グリーンが速いため、傾斜の上や横につけると短い距離でも油断はできない。難しいラインばかり打っていると、リズムにもなかなか乗りにくい。
さらに、「そこに乗せるためにはどこから打てばいいのか、ティショットのクラブ選択にもつながる。乗せる場所から逆算できるか。14本のゴルフ脳を試されるという意味では最高のコースです」。
そう田中がいうように、このABCゴルフ倶楽部はドッグレッグホールが多いため、ティショットでは、ただドライバーで飛ばせばいいわけではない。「例えば11番パー4は3番ウッドで球を上手に操らないといけない。パー3でもいろんな番手を使うことが多い。
僕が勝ったときはドローだけでなんとかできましたけど、いまの仕上がったグリーンではショット、パットともにいろんな球種やテクニックが必要になる」と、ゴルフの総合力を強調する。

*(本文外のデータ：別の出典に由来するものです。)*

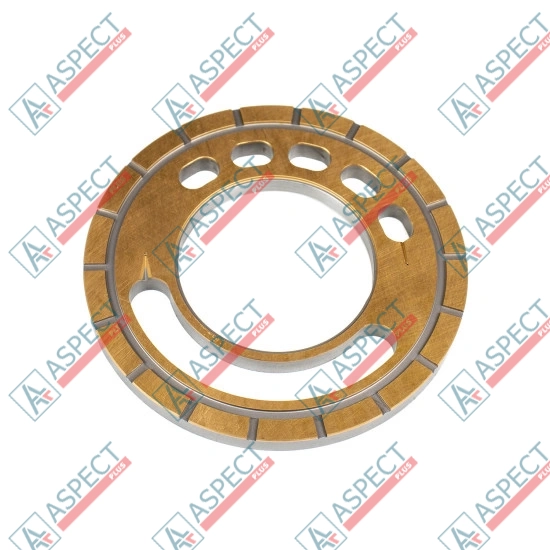 Valve plate Left 6 windows Vickers 584540 SKS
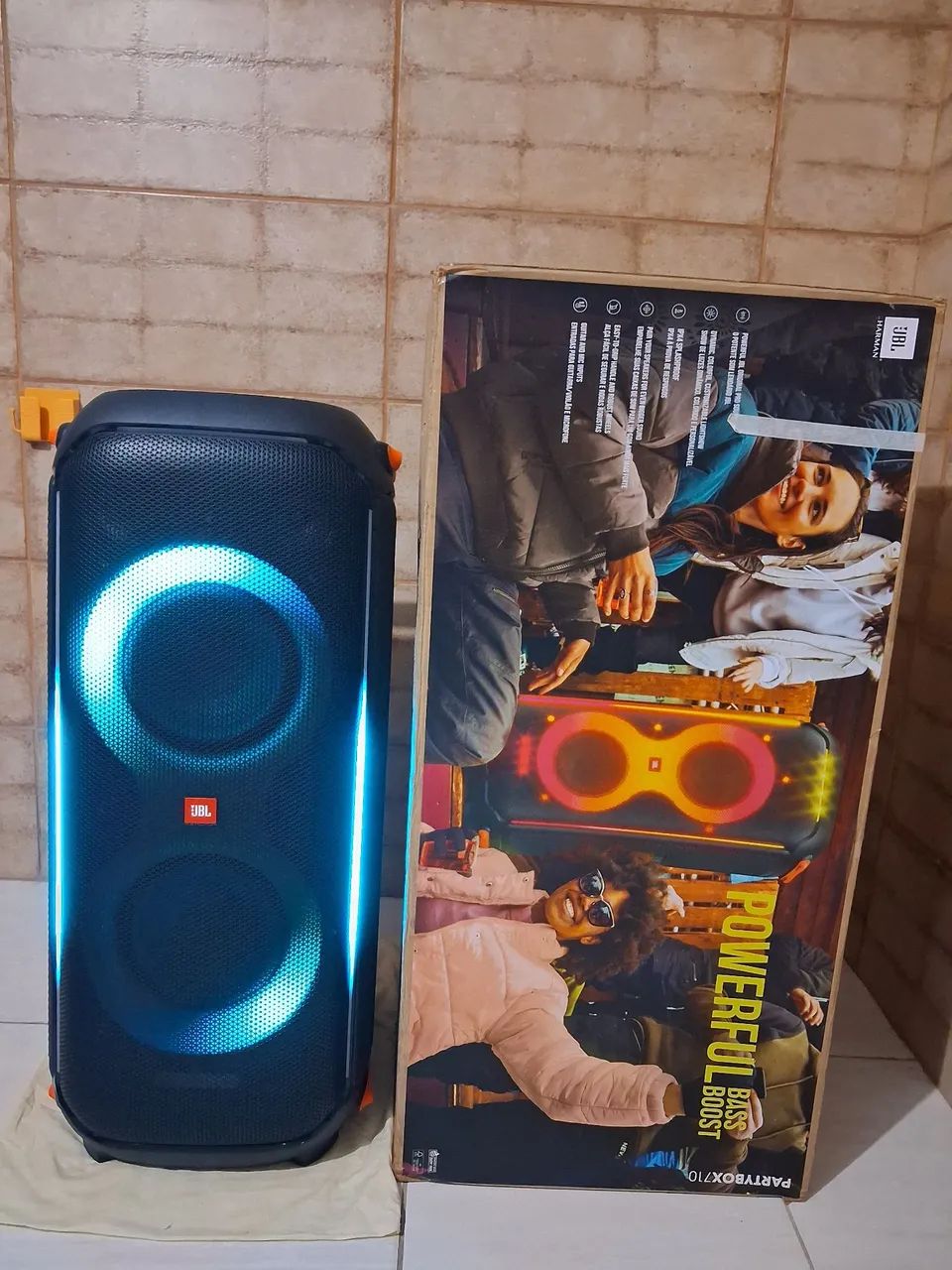Caixa JBL partybox 710 - Foto 3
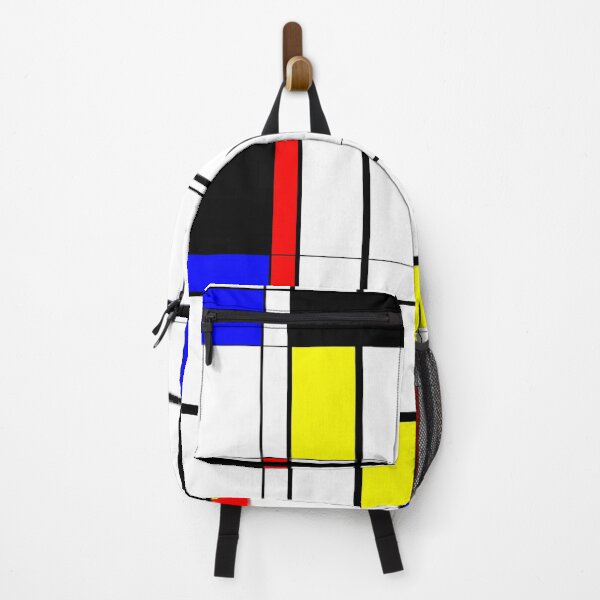 Item preview, Mondrian Inspired Color Block designed and sold by wordznart.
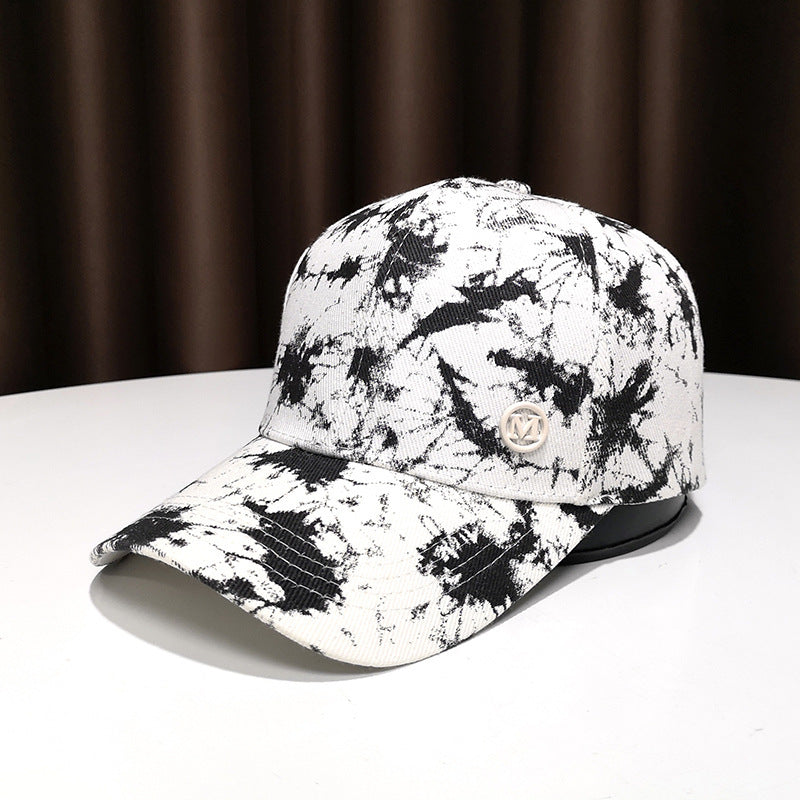 Damen-Baseballcap mit Spritzmuster
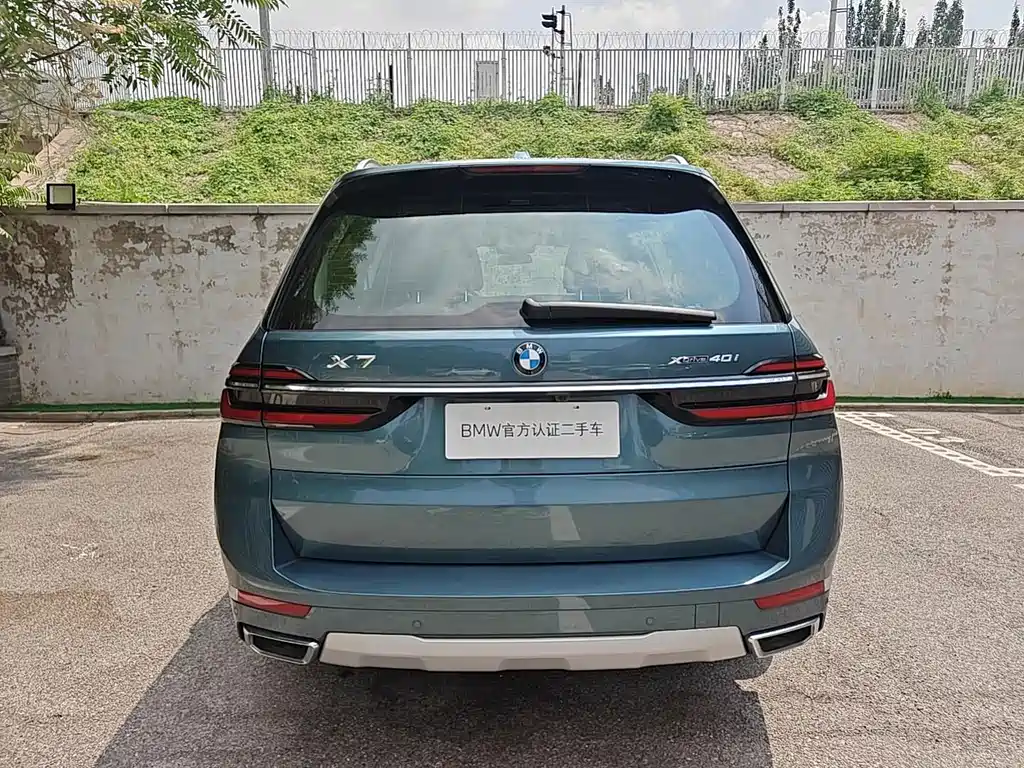 BMW X7 — миниатюра 10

そんなコースを象徴するのが、15番パー5、16番パー3、17番パー4、18番パー5の上がり4ホールとなる。「15番でしっかり2オンできるか、16番のハードなパー3ではロングアイアンでどうグリーンをとらえていくのか、17番では左からの風でどうフェアウェイに置くか。パーの設定も違うし、風の角度も全部違う。ずっと同じ流れで打てないんですよね。3、4つの選択肢を考えて答えを出していかないといけない。
その瞬間の対応力も含めて、上がり4ホールはキーポイントになります」。
15番、18番は2オンも可能なパー5だけに、イーグル2つで大逆転という展開も考えられる。さらに18番では、2008年に石川遼がウォーターショットを成功させて、プロ初優勝を挙げるなど様々なドラマを生んできた。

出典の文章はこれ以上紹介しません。